Quando o cinismo corrói a democracia
Editorial hoje Público / 21/03/2013
Ao comentar a decisão do Tribunal Cível de Lisboa que impede Fernando Seara de se candidatar à câmara da capital, o deputado socialista Mota Andrade deixou para a posteridade uma exemplar mensagem de cinismo, ao dizer que o PS nada tem a ver com o que se passa, que o que está em causa é "um problema de outras forças partidárias". Para os socialistas, a defesa da credibilidade do sistema político só lhes parece interessar quando há ganhos em causa própria. Como a decisão judicial põe em causa apenas os partidos do Governo, o problema não é deles.
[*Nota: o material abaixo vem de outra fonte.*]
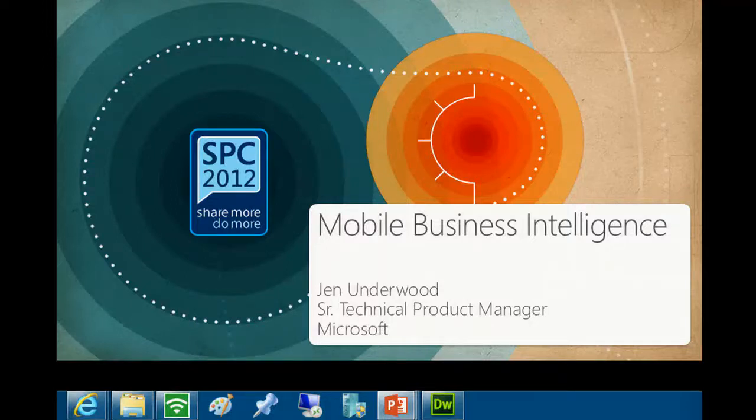Good afternoon. My name is Jen Underwood. I'm a senior technical product manager with Microsoft over Business Intelligence. I roll up to the SQL Server side but actually cross over SQL Server, Office, and SharePoint with regards to all the demos and technical solutions that I put together for our global forces and for customers and partners. I'll be showing you what you can do even with SQL Server 2005 and older solutions, as well as the newest solutions and announcements made this week.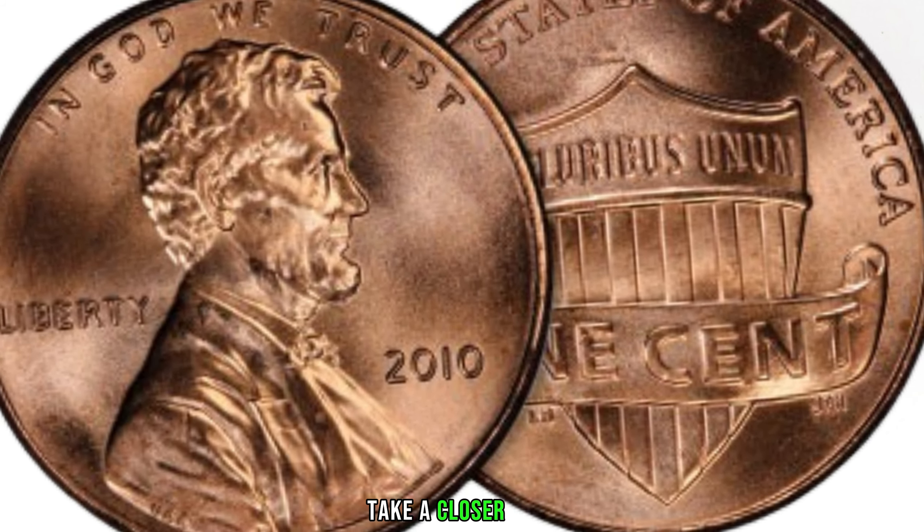The 2011 Lincoln penny experienced various minting errors that can significantly increase their value. Keep an eye out for double dies, planchet errors, and other anomalies that could turn your ordinary penny into an extraordinary find. If you're serious about finding a valuable 2011 Lincoln penny, don't overlook proof sets and mint sets. These specially minted coins often boast higher quality, can be worth more to collectors, and come in protective packaging preserving their condition over time.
Que, como se temia, as próximas autárquicas se transformem em fóruns de interpretação do espírito da lei de limitação de mandatos ou da própria Constituição, não os comove; que o poder político se demita e convide o poder judicial a limpar o lixo que varre para debaixo do tapete, não os preocupa; que o descrédito que ameaça demolir o sistema partidário se acentue, não os importuna. Se houvesse um pouco mais de decência política, os partidos tratariam de seguir a recomendação do provedor de Justiça e esclarecido no Parlamento o espírito da limitação de mandatos. Mas na lógica mesquinha em que todos os partidos se colocaram não há lugar para a responsabilidade: há apenas interesses e aquela forma pequenina de enfraquecer o adversário, nem que, para isso, se debilite o regime e se comprometa o país. Por muito que o PSD tenha desafiado os limites do bom senso, por muito que haja legítimos argumentos a favor e contra as suas candidaturas, o país em crise devia ter sido poupado ao espectáculo deplorável que se anuncia. Com os valores da representação democrática engolidos, com o Parlamento condenado a entregar aos tribunais competências que lhe cabiam, as eleições locais em vários municípios do país, entre os quais Porto e Lisboa, estão contaminadas pela jurisprudência quando deviam ser norteadas pela política.